昔から同国ではその信仰が盛んに行われてきた。いかなる戦争によってもこの信仰を滅ぼすことが出来なかったのみか、
ますます大勢の巡礼が絶えずその地に参詣していた。

これらの集団の一つをコウヤ(高野)と言い、三千ないし四千の僧侶を擁している。その宗祖は弘法大師で、
彼は七百年前、そこに生きたままで埋葬されることを命じた。同宗派はシンゴンジュ(真言宗)と称し、
この高野の宗団は、頂上に大いなる平地と自分たちの憩いの場を持つ高山にある。
毎年大勢の参詣者や巡礼が訪れるが、いかなる女性もそこに登ることは許されないし、また女性に関連した物品も
持ち入ることができない。そのために、周知のように、同所の仏僧達は忌むべき輩であり、その生活は淫猥を
極めたものとなっている。

同国にある2番目の宗団はコカワ(粉河)と呼ばれる。それは前者に比すると人員や規模においてはるかに劣るので、
改めて特筆する価値はなく割愛することにする。

三番目の宗派ないし宗団は、やはり一部の仏僧が構成するものであり、ネゴロス(根来衆)と称する。
彼らは当初、高野の仏僧らと同一の宗団に属していたが、後に分離して独自の宗派を形成するに至った。
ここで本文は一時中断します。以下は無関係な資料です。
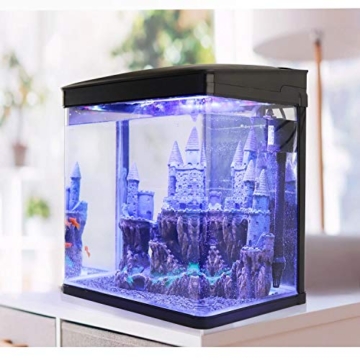 Nobleza - Nano-Fischtank-Aquarium mit LED-Leuchten & Filtersystem, tropischeAquarien, 7 Liter, Schwarz - 2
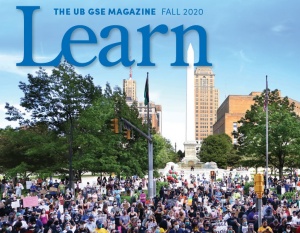 Cover of Fall 2020 GSE Learn Magazine, photo of protest in downtown Buffalo.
これらの仏僧たちは、日本の全ての宗派とは全く異なった注目すべき点をいくつか有している。すなわち彼らの本務は
不断に軍事訓練にいそしむ事であり、宗団の規則は、毎日一本の矢を作ることを命じ、多く作った者ほど多くの功徳を
積んだ者と見なされた。彼らは絹のキモンイス(着物)を着用して世俗の兵士のように振る舞い、裕福であり収入が多いので
立派な金飾りの両刀を差して歩行した。カタギン(肩衣)を着物の上に纏っていない点を除くと、その服装は他の俗人と
異なる所がなかった。それについては、既に日本人の服装を論じた際に言及した通りであり、彼らの衣服は飾り用に羽織る
一種の薄いサンペニート(袋状の衣)である。更に彼らはナザレ人のように頭髪を長く背中の半ばまで絡めて垂れ下げ、
いかなる事があっても僧帽を着用しなかった。

彼らを一瞥しただけで、その不遜な面構えといい、得体のしれぬ人柄といい、彼らが使えている主(すなわち悪魔が
如何なるものであるか)を示していた。
都に隣接した諸国に住む日本の武将や諸侯は、互いに交戦する時ゲルマン人のようにこれらの僧侶を傭兵として金で雇って
戦わせた。彼らは軍事に極めて熟達しており、とりわけ鉄砲と弓矢にかけては日頃不断の訓練を重ねていた。そして
戦場においては自分たちに有利な条件を提示する側に容易に屈するのであった。

彼らの寺院なり屋敷は、日本の仏僧の寺院中、極めて清潔で黄金に包まれ絢爛豪華な点において抜群に優れている。
そしてその寺院なり住居が清潔であればあるほど、一方で彼らは生活において忌むべき人間に堕落しているのである。
彼らは根来の宗団内にとどまって戦に参加していない時には、他の仏僧らと同様に偶像崇拝並びにその宗派の儀式に従っていた。
彼らはその地を訪れる巡礼者たちを懇切丁寧にもてなし、2,3日無料で食事を提供した。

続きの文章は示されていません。